2 million cells were lysed ice cold buffer containing: 50 mM Tris, pH 8.0, 1 mM EDTA, 150 mM NaCl, 1% NP-40, 0.5% Na-deoxycholate, and 0.1% SDS, 10 mM NaF, 1 mM Na3VO4, and proteinase inhibitor cocktail (Roche, no. 11836170001). Samples were separated by SDS-PAGE, followed by transfer using the Trans-Blot Turbo Transfer System. Membranes were blocked with 5% dry nonfat dairy milk in TBS-T (0.1%) for 30–60 min. Primary antibodies were incubated in TBS + 1% Casein overnight at 4°C with shaking. 3–5 washes of 3–10 min were performed before secondary antibodies were incubated in 5% milk in TBS-T for 30–60 min at room temperature with rocking. Washes were performed before membranes were visualized with using SuperSignal West Pico PLUS or Femto Chemiluminescent Substrate and the ChemiDoc MP Imaging System. Antibodies used: NAMPT (1:1000, A300–372A, Bethyl Laboratories), pS6 (1:5000, D57.2.2E Ser235/236, Cell Signaling Technology), S6 (1:5000, 5G10, Cell Signaling Technology), pS6K (1:1000, 108D2, Cell Signaling Technology), S6K (1:1000, 49D7, Cell Signaling Technology), anti-actin hFAB Rhodamine (1:2000, Bio-Rad).

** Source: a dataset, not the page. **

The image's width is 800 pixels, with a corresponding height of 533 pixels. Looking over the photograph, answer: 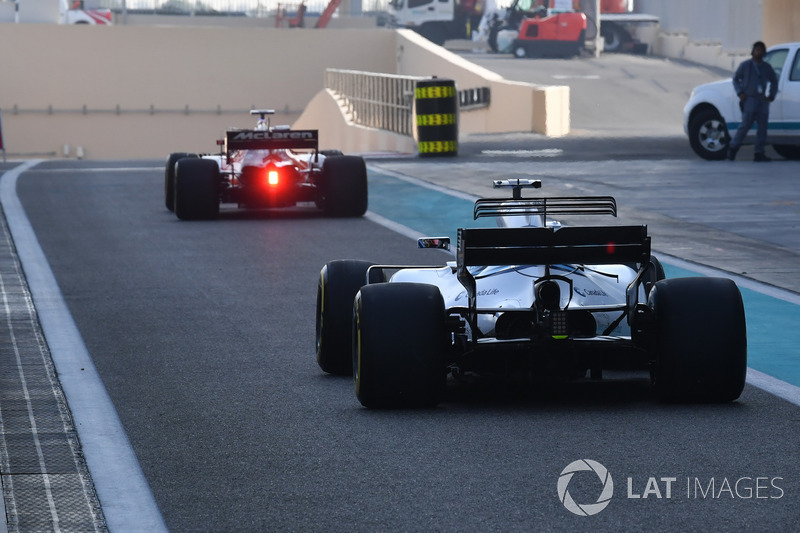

NAD Enzymatic Cycling Assay:

Cells were washed with PBS, pelleted, and flash frozen. Lysates were prepared with 0.6 M perchloric acid at 4℃. Cleared acid extracts were collected after pelleting insoluble material at 4℃. NAD standards (4 ul) or of diluted tissue acid extracts were combined with 100 μl of cycling reaction reagent: 2% ethanol, 100 μg/ml alcohol dehydrogenase, 10 ug/ml diaphorase, 20 uM resazurin, 10uM flavin mononucleotide, 10 mM nicotinamide and 0.1% BSA in 100mM phosphate buffer, pH 8.0. After 20–30 minutes, resorufin accumulation was measured with excitation at 544 nm and emission at 590 nm.

NADH FLIM:

NADH FLIM was performed on a LSM 710 (Zeiss) using a femtosecond-pulsed two-photon laser (Coherent) as described (65). In brief, cells were mounted on the microscope in a four compartment CELLview cell culture dish with a thin glass bottom (cat. #627870, Greiner) in 500 μL Tyrodes solution, with temperature maintained at 37°C. NADH was excited at 730nm (<5 mW on the sample, 1 min acquisition time) and the autofluorescence was detected through a 680 short-pass and 460/50 bandpass emission filter. Time-correlated single photon counting was performed using an HPM-100–40 detector and the SPCM 9.81 software (both Becker and Hickl). FLIM images were analyzed by SPCImage 8.0 using a biexponential decay with Ƭ1 and Ƭ2 being fixed to 400 and 2500 ps for free and protein-bound NADH. The fixed lifetime components were used to reduce the number of photons required for a valid lifetime calculation. Nuclear NADH was quantified using ROIs, averaging a minimum of 5 cells per image section. Mitochondrial NADH was quantified using the threshold function of SPCImage and verified using ROIs for individual conditions.

Statistical analysis

Representative data are shown from experiments that were repeated at least 3 times. Each data point plotted is the mean of at least 3 replicates per well with error bars representing the standard deviation (SD). The sample size and number of independent experiments are indicated in the figure captions. All statistical tests are described in the figure captions and were performed in Prism (GraphPad). No data were excluded. P values of 0.05 or less were considered statistically significant.